(Exercise requirements): All the data that follows should be repeated exactly, without a single picture.
(Beginning of Provided entries)
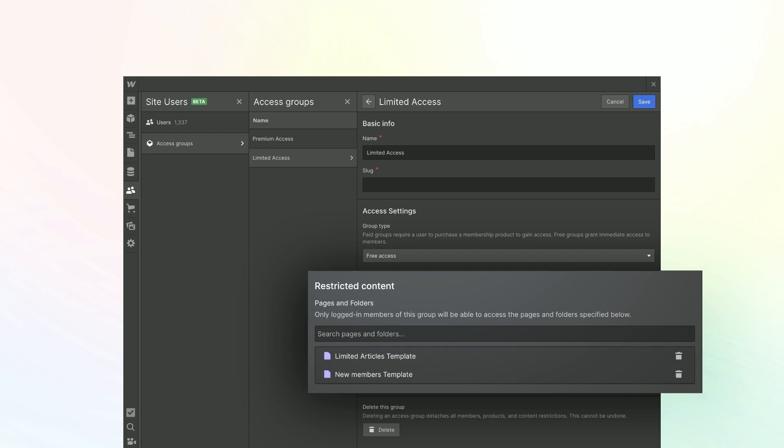For free access, there are two options: manual assignment, where you specifically choose who has access, or the automatic option — available on sign-up — which means all users have to do is create and verify their accounts. We want this to be automatic, so we're setting the type of free access for the group after a user signs up and verifies their account. The last step is defining what's actually restricted to these authorized users. This is where we enable restricted content — you can easily select static pages, folders, entire collection pages, also known as dynamic pages, and in the future, individual items. Remember to save, and as easy as that, we've set up a membership.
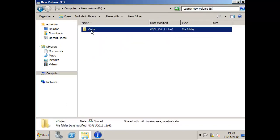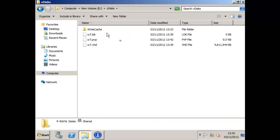Checking the file system on the share — normally this wouldn't be on the provisioning server — we can see the VHD file that was created, which is about four and a half gigabytes.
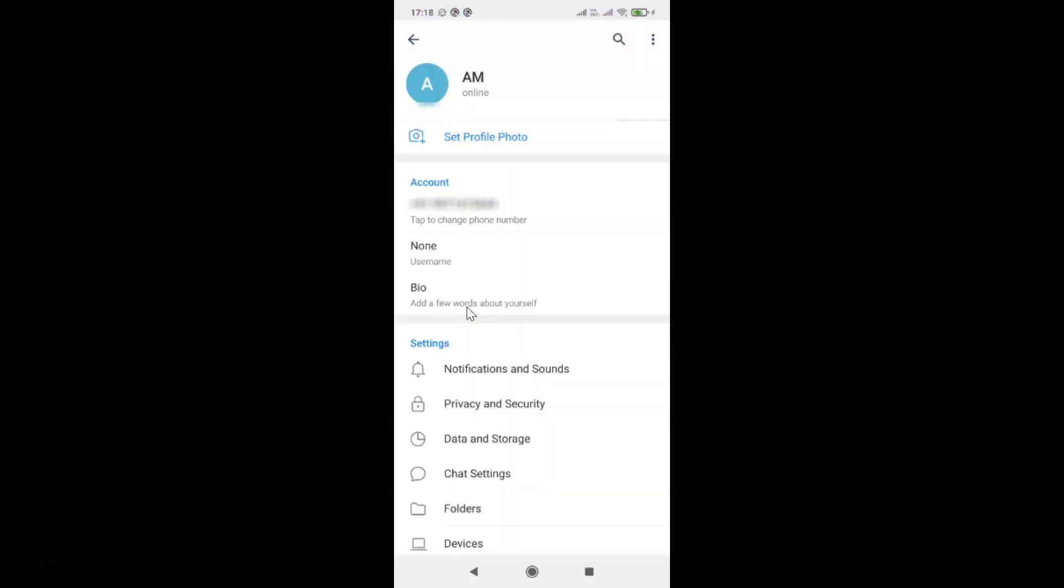And after that you have to come to this section and then tap on Data and Storage.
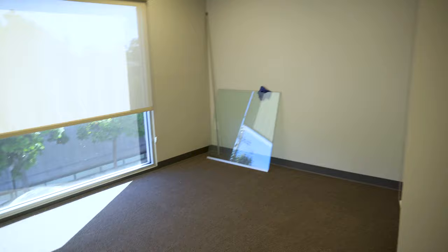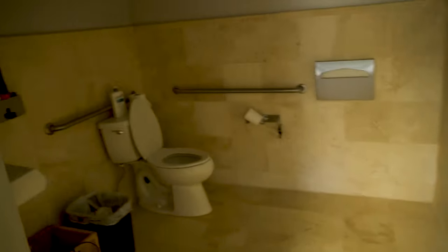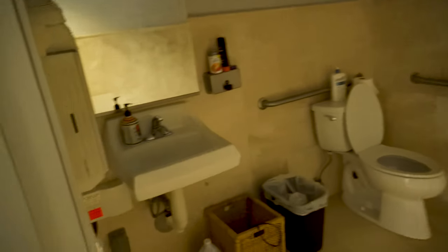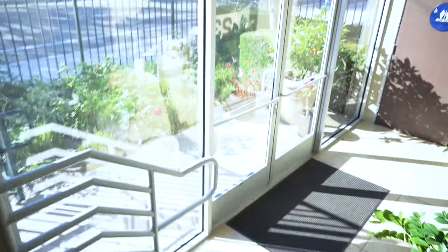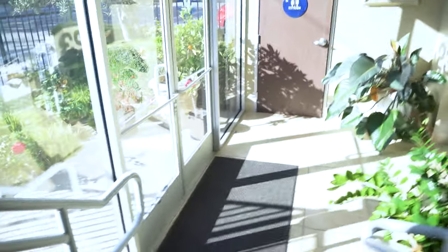This is the largest office upstairs — I would use this as more of a conference room area. It has its own private bathroom, which is a little odd for an office space. Moving downstairs, you'll see there is a bathroom right here.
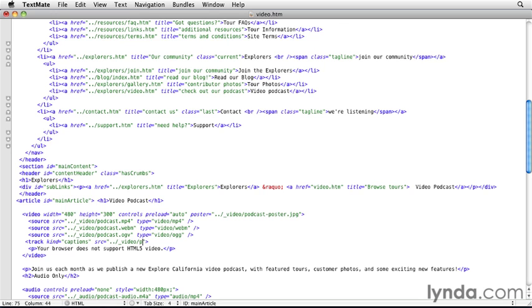And podcast captions dot vtt. And then we'll end that with a slash.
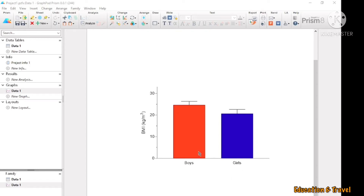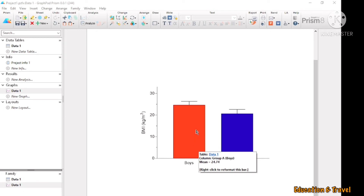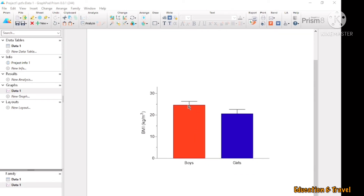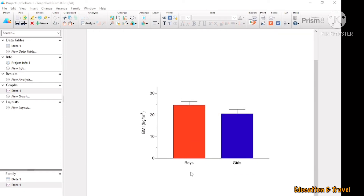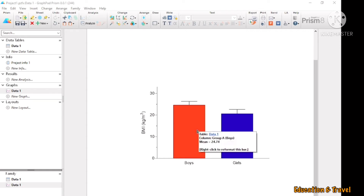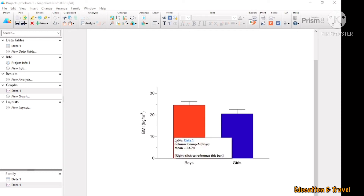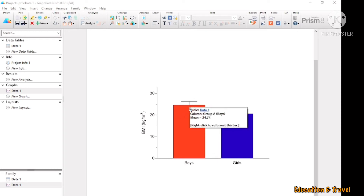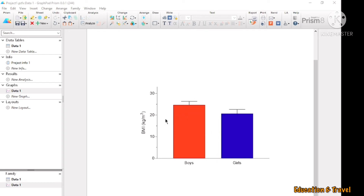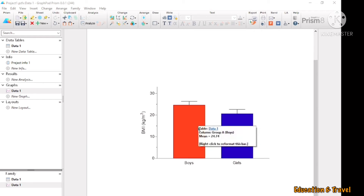Hi, in this tutorial I am going to show you how to make a bar chart with error bars using Pison software. Usually we use the MX access software to make bar charts with error bars, but compared to MX software, Pison software is very easy to use and the image quality is very high.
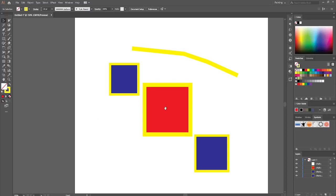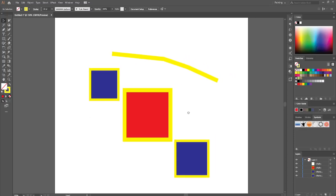Hi guys, in today's video I'm going to show you how you can add extra anchor points to your images, objects, paths, shapes, whatever.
(End of Provided entries)
(Answer to the problem):
For free access, there are two options: manual assignment, where you specifically choose who has access, or the automatic option — available on sign-up — which means all users have to do is create and verify their accounts. We want this to be automatic, so we're setting the type of free access for the group after a user signs up and verifies their account. The last step is defining what's actually restricted to these authorized users. This is where we enable restricted content — you can easily select static pages, folders, entire collection pages, also known as dynamic pages, and in the future, individual items. Remember to save, and as easy as that, we've set up a membership.
Checking the file system on the share — normally this wouldn't be on the provisioning server — we can see the VHD file that was created, which is about four and a half gigabytes.
And after that you have to come to this section and then tap on Data and Storage.
This is the largest office upstairs — I would use this as more of a conference room area. It has its own private bathroom, which is a little odd for an office space. Moving downstairs, you'll see there is a bathroom right here.
And podcast captions dot vtt. And then we'll end that with a slash.
Hi, in this tutorial I am going to show you how to make a bar chart with error bars using Pison software. Usually we use the MX access software to make bar charts with error bars, but compared to MX software, Pison software is very easy to use and the image quality is very high.
Hi guys, in today's video I'm going to show you how you can add extra anchor points to your images, objects, paths, shapes, whatever.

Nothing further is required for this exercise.